— Provided information —
++++

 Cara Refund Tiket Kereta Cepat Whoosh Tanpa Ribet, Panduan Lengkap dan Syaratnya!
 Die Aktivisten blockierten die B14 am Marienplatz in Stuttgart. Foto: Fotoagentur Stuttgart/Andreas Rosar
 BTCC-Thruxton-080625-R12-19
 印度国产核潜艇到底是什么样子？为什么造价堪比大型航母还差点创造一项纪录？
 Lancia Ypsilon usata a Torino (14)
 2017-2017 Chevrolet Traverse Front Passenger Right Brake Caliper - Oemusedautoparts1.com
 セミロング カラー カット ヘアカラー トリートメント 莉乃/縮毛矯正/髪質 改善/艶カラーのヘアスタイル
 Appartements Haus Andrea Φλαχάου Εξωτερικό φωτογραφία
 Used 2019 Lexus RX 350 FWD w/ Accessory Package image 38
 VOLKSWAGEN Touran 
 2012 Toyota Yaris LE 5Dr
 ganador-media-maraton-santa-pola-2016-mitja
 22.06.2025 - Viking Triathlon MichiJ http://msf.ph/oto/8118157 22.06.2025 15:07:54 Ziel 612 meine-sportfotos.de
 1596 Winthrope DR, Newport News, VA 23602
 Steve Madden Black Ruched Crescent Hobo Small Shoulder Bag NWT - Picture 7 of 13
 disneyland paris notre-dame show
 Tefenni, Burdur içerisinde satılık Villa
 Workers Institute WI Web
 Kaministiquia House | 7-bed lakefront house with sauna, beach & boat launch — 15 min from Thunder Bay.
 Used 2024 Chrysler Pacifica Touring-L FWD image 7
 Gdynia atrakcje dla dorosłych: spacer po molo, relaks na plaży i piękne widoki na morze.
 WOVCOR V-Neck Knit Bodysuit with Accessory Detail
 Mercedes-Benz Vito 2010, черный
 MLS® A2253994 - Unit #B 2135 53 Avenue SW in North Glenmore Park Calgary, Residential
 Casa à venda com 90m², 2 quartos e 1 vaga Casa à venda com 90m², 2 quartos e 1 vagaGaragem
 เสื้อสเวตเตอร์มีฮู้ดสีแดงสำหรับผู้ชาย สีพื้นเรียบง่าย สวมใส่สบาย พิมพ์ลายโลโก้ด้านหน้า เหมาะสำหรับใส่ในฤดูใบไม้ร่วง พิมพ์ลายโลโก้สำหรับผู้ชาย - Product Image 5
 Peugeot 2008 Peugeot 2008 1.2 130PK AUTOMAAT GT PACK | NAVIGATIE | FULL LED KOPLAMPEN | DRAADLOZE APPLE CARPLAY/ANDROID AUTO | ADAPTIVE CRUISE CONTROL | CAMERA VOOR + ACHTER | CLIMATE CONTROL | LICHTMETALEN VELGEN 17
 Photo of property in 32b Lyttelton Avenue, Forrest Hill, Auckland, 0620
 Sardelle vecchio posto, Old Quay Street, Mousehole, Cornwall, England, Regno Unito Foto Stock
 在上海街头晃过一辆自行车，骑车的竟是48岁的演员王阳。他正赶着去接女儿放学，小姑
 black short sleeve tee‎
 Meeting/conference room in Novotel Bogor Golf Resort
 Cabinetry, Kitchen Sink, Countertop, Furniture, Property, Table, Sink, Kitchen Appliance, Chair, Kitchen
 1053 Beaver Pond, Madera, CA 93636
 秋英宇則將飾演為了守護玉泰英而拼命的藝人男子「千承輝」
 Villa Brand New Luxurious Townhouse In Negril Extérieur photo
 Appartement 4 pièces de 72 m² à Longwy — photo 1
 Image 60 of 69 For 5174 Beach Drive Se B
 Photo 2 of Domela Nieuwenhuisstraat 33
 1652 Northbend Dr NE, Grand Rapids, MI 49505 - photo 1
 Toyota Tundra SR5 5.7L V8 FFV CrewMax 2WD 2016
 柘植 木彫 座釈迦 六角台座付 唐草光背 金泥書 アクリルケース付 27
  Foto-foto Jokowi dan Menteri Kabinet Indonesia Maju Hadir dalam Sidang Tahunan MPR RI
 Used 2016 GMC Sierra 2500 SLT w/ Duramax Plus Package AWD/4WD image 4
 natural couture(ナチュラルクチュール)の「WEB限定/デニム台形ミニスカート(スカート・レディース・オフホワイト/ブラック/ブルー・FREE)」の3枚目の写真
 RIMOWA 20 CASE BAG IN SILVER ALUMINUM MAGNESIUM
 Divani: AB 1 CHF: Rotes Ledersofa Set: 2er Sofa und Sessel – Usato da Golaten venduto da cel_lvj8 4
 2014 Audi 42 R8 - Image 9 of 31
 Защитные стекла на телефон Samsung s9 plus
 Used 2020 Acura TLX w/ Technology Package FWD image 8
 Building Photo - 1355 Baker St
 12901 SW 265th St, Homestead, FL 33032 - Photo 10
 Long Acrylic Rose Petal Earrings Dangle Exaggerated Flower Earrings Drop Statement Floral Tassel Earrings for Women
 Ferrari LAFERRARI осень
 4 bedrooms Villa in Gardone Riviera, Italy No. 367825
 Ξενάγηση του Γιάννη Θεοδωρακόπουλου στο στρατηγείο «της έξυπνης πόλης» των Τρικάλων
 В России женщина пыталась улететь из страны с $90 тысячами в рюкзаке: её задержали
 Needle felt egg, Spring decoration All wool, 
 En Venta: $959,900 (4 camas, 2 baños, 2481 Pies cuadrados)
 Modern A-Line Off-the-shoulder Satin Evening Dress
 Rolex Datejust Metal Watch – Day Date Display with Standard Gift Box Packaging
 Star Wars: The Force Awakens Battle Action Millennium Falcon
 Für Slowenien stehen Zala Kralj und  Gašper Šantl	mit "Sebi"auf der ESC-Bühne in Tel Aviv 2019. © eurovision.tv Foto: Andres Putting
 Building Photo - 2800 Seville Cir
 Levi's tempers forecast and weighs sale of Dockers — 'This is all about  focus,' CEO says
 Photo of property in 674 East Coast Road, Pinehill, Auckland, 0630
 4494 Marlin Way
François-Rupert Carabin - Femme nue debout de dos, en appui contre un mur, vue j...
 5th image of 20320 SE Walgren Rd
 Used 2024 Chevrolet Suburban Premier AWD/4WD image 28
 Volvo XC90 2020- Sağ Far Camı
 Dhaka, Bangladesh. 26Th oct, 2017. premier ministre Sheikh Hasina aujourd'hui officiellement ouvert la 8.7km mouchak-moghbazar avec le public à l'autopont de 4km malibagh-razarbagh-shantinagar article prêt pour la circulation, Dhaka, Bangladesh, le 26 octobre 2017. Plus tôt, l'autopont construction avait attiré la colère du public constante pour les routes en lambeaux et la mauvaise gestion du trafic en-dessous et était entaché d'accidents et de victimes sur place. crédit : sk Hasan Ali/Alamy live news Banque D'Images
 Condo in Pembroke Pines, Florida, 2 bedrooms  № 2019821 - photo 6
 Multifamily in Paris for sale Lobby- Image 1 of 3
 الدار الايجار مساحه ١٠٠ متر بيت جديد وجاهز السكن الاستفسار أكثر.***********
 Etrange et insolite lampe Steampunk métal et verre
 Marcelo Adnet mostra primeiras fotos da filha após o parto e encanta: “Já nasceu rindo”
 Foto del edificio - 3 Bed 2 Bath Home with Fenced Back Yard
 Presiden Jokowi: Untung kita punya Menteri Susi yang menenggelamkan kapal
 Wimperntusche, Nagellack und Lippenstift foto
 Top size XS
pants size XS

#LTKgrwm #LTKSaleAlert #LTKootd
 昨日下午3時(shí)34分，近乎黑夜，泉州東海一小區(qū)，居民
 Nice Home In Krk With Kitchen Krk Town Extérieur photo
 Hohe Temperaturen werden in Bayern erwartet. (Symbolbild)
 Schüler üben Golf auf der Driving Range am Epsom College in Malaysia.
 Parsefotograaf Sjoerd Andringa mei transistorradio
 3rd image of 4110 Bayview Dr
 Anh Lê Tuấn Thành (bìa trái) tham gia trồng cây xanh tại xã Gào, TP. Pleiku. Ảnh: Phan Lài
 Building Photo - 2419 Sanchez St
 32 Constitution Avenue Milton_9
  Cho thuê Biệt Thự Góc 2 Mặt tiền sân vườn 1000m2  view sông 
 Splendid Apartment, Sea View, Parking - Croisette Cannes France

++++

— Action item —
Within the material above, extract exactly the lines that start at the line containing "Used 2020 Acura" and stop after the line containing "Modern A-Line Off-the-shoulder", and only those.

— Result of the exercise —
 Used 2020 Acura TLX w/ Technology Package FWD image 8
 Building Photo - 1355 Baker St
 12901 SW 265th St, Homestead, FL 33032 - Photo 10
 Long Acrylic Rose Petal Earrings Dangle Exaggerated Flower Earrings Drop Statement Floral Tassel Earrings for Women
 Ferrari LAFERRARI осень
 4 bedrooms Villa in Gardone Riviera, Italy No. 367825
 Ξενάγηση του Γιάννη Θεοδωρακόπουλου στο στρατηγείο «της έξυπνης πόλης» των Τρικάλων
 В России женщина пыталась улететь из страны с $90 тысячами в рюкзаке: её задержали
 Needle felt egg, Spring decoration All wool, 
 En Venta: $959,900 (4 camas, 2 baños, 2481 Pies cuadrados)
 Modern A-Line Off-the-shoulder Satin Evening Dress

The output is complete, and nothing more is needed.